BEGIN Task input

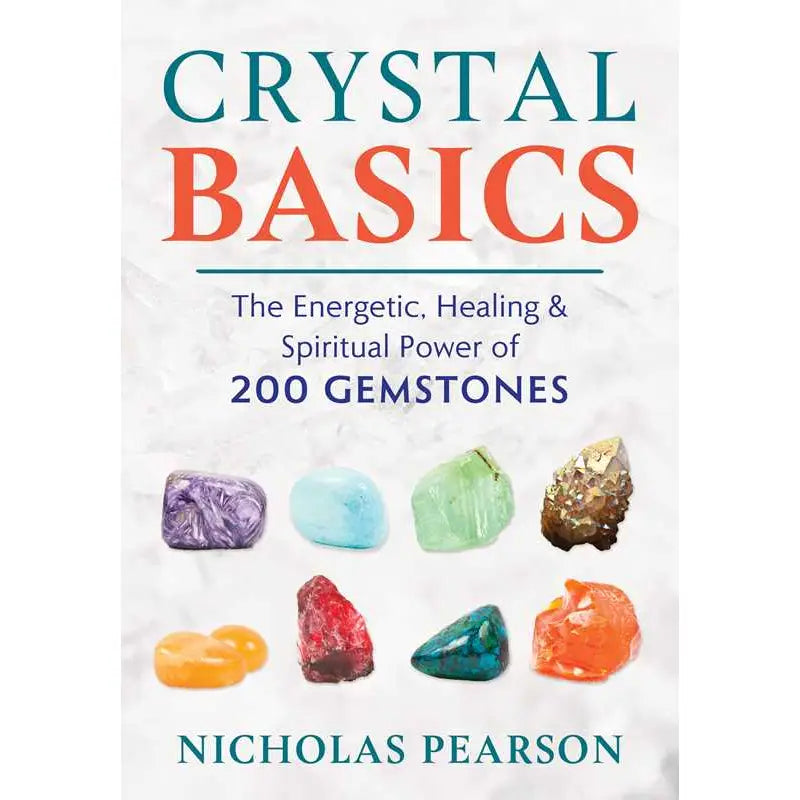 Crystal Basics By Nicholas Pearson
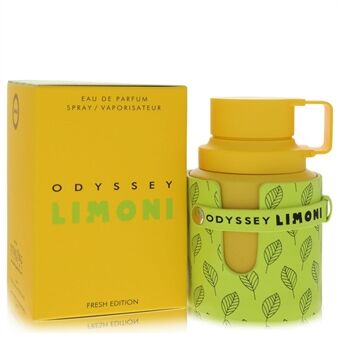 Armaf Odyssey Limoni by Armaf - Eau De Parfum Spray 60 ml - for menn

END Task input
BEGIN Task input

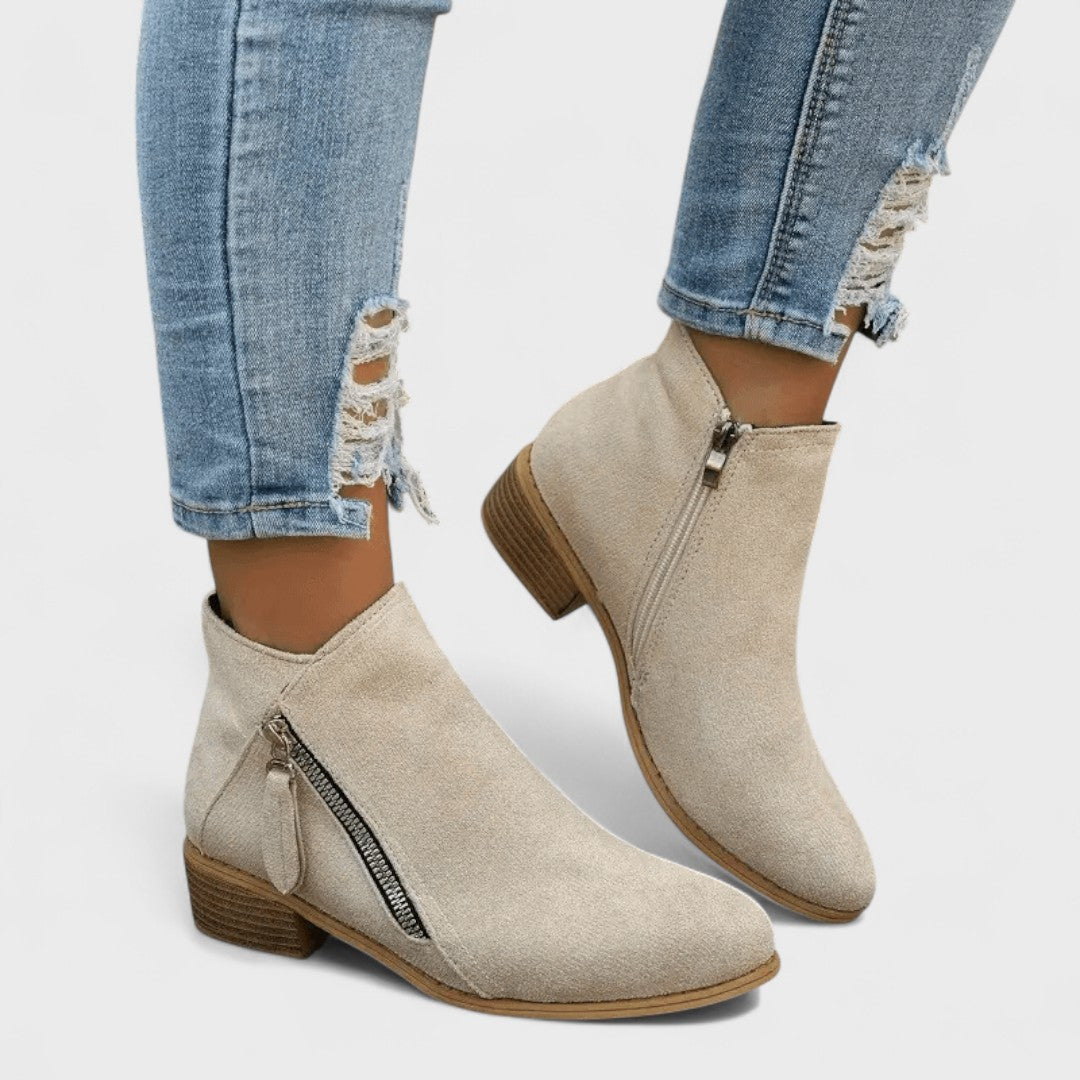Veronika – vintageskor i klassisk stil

END Task input

Set the pictures aside and retype exactly the lines above from the line with "Crystal Basics By Nicholas Pearson" to the line with "Armaf Odyssey Limoni", both included, adding no others.

 Crystal Basics By Nicholas Pearson
 Armaf Odyssey Limoni by Armaf - Eau De Parfum Spray 60 ml - for menn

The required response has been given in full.